Affin Investment Bank Bhd analyst Sharifah Farah said in a recent report that Malindo's commencement of operations here would also coincide with the scheduled completion of the low-cost carrier hub KLIA2. “Upon the commencement of the new airline, we expect airlines to offer cheaper fares and various promotions to garner market share and/or retain market share,” she said, adding that the main concern would be AirAsia's ability to maintain its load factor without significantly compromising its yield in the face of new competition.

Sharifah noted that against the backdrop of a fragile economic outlook, which had already negatively impacted air travel, historical trends showed that low-cost carriers would likely fare better than full-fledged carriers due to their lean cost structure, competitive pricing and the switch by business travellers to cheaper fares.

She said this was evident in the number of passengers carried by AirAsia Malaysia, which grew 10.2% year-on-year to 14.5 million for the nine months to Sept 30 last year. Similarly, AirAsia's Thai and Indonesian arms saw passenger numbers grow by 19.6% and 12.8%, respectively. In contrast, for the same period, MAS experienced a 3.7% drop to 9.7 million passengers due to weak international travel.

MAS' regional senior vice president for Malaysia/Asean Muzammil Mohamad recently said the airline was forecasting between 10% and 15% growth with a few more destinations and more frequencies, which would go hand-in-hand with ticket sales revenue growth for the year. He said although the industry outlook for the year would be challenging, the airline was optimistic about its prospects.

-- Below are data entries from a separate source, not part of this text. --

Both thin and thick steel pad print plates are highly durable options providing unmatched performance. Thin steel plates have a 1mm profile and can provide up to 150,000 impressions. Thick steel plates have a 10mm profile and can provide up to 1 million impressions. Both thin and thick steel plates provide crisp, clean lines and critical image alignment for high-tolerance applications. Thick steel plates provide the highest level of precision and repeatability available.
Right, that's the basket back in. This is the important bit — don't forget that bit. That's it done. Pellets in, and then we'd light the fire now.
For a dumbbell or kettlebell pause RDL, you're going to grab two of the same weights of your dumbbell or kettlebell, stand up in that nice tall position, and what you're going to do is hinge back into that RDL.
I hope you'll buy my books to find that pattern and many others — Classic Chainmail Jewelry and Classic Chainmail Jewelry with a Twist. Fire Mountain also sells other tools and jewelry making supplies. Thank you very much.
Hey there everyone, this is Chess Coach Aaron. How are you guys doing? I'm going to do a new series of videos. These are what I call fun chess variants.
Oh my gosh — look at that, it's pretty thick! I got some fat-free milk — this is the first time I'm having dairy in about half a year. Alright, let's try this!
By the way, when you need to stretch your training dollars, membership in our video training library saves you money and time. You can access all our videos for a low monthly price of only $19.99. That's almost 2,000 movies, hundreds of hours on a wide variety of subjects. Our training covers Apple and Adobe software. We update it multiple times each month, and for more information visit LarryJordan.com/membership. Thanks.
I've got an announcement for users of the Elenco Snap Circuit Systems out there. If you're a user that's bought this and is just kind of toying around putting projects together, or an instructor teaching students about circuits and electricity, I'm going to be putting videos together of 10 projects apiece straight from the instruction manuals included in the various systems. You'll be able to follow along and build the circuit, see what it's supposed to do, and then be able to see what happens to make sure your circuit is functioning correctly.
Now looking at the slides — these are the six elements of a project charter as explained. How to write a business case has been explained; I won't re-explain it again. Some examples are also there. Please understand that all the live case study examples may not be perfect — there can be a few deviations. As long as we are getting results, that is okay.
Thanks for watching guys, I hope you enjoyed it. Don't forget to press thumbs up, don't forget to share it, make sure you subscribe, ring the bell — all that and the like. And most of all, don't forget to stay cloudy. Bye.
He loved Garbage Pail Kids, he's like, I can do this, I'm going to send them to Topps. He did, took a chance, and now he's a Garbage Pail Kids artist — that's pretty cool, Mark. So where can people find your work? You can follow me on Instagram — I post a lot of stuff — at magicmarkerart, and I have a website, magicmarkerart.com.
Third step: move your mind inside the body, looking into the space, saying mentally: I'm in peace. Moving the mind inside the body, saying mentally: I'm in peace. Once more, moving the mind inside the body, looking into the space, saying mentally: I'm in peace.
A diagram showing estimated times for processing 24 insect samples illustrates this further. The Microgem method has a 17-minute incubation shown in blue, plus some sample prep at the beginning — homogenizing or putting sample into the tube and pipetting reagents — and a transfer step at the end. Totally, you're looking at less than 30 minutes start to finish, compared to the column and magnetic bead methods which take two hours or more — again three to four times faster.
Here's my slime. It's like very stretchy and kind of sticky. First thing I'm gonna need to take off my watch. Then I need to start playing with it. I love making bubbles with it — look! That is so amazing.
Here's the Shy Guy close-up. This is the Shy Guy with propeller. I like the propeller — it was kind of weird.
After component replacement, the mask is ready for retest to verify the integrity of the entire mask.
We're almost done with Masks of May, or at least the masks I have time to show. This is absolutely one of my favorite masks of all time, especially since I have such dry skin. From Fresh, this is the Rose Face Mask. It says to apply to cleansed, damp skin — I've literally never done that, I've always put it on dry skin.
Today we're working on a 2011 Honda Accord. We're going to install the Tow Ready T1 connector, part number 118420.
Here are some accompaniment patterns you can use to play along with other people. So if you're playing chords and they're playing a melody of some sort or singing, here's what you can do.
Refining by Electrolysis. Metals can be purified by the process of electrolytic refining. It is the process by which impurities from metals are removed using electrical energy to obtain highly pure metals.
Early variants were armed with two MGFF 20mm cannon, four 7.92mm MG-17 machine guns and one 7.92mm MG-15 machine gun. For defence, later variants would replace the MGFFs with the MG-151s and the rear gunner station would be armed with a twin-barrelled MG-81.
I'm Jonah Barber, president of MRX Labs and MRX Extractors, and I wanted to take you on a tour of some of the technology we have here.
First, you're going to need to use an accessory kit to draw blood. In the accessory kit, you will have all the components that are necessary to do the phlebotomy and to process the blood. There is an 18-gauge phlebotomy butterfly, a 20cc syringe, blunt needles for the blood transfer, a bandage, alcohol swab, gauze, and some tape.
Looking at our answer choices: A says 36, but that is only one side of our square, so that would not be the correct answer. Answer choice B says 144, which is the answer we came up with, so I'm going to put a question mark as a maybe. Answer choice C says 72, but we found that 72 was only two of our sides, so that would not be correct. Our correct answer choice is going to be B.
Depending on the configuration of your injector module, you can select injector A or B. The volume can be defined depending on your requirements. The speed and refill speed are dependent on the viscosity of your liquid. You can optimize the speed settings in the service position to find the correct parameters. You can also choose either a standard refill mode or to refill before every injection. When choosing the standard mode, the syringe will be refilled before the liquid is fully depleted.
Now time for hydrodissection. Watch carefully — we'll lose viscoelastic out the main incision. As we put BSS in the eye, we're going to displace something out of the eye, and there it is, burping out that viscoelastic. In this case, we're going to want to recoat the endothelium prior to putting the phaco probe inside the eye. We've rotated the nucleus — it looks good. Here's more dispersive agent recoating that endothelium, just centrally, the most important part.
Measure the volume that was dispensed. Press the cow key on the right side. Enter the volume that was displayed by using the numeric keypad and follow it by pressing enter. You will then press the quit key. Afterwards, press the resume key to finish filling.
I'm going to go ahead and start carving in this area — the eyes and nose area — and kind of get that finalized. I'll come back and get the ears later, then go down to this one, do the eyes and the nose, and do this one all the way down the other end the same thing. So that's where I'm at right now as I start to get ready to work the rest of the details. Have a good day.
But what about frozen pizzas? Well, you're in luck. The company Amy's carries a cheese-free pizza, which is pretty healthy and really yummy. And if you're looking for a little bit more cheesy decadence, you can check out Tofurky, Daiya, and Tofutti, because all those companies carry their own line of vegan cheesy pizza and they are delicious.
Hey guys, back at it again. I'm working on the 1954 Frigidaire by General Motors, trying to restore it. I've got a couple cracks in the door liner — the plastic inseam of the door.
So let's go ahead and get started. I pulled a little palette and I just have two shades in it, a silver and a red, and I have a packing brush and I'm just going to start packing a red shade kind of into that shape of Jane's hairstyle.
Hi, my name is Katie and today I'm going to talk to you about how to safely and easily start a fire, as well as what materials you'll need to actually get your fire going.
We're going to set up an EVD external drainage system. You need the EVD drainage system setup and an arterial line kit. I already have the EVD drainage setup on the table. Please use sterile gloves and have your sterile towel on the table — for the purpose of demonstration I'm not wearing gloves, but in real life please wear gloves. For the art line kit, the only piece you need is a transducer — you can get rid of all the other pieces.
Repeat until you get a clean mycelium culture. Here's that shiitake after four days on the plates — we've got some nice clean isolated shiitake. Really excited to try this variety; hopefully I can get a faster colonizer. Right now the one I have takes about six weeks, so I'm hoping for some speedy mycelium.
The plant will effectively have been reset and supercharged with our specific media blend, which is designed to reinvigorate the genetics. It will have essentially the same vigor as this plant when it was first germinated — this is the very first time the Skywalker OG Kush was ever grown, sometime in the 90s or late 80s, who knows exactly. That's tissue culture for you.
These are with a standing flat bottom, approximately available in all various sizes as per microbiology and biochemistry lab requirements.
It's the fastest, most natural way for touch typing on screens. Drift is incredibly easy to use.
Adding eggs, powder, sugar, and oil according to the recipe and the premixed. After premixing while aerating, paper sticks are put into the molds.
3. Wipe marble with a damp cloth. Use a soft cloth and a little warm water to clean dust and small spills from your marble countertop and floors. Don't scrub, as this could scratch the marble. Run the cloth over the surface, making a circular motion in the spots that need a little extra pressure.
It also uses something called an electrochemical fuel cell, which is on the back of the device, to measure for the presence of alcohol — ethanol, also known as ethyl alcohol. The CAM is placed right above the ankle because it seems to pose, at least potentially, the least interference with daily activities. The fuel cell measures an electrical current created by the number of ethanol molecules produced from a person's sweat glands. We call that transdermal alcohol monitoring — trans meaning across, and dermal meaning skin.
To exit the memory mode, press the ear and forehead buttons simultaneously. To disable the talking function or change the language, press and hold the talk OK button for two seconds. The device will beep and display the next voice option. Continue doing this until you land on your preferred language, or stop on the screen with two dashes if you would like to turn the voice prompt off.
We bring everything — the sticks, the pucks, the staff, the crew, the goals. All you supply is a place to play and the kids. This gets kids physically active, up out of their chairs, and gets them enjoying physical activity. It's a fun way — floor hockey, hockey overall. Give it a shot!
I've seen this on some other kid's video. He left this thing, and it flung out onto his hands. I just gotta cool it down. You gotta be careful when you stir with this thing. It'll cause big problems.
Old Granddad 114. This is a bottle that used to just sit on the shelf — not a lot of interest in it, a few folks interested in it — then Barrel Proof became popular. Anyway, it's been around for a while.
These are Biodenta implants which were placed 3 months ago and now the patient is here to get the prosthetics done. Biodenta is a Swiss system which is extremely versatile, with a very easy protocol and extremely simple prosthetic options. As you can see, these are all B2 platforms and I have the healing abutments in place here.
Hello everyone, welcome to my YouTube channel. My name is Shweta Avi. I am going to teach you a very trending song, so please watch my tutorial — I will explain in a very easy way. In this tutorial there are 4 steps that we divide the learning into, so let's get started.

Sharifah said the direction of the jet fuel price would continue to be the biggest challenge for the aviation industry. Over the past one year, the crude oil price has remained elevated, ranging between US$85 (RM259.25) and US$115 (RM350.75) per barrel, while the price of jet fuel also remained high within the range of US$120 (RM366) to US$137 (RM417.85) per barrel. Sharifah has an assumption of US$120 (RM366) to US$125 (RM381.25) per barrel for the house's earnings model for the industry in 2013.